Whether Obama was knowingly lying or simply being obtuse, however, there's no real doubt that Ed's fundamental point is correct: At the Supreme Court level (and that's what Brian Williams was asking about), philosophical differences among potential appointees are going to be crucial in most cases — simply because by definition, the Supreme Court is the final forum in which the Constitution and laws of the United States are interpreted and applied, and because its docket consists almost entirely of the very hardest and most important cases from across the country. At a minimum, Obama is guilty of trying to underplay the importance of him making these picks as compared to John McCain. And thus, I agree that Obama was being very misleading in this interview.
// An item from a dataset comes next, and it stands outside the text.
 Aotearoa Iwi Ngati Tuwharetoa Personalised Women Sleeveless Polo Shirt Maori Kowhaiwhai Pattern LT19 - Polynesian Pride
(Jonathan Adler also has a very good article on NRO today about the potential importance of the next president's nominations for those lower courts, with which I agree entirely; I commend it to you wholeheartedly. What kind of judges the new president appoints to those courts arguably has a greater impact on folks' day-to-day lives than the SCOTUS appointees, and it certainly has a greater impact on federal court litigants. Prof. Adler argues, and I agree, that given the current membership on the SCOTUS and the current and likely vacancies in the lower courts, Obama, if elected, would probably have more influence on the lower courts than on the SCOTUS in his first term. In any event, those appointments are hugely important, even though the appointments themselves and the confirmation process for them often largely escapes public notice.)

A final point that disturbs me about this interview:

Sen. Obama is correct that by virtue of having attended Harvard Law School and been president of its law review, and then having been a part-time lecturer at another very good law school (the University of Chicago) for several years, he's rubbed elbows with a great many law professors with reputations vast and stellar. But with due respect to them, and to my host here (for Hugh Hewitt also teaches constitutional law), the very last thing that the United States Supreme Court needs is more law professors. And yet, as Sen. Obama's remark here confirms, law professors are almost certainly going to be the kind of SCOTUS Justices whom he would appoint.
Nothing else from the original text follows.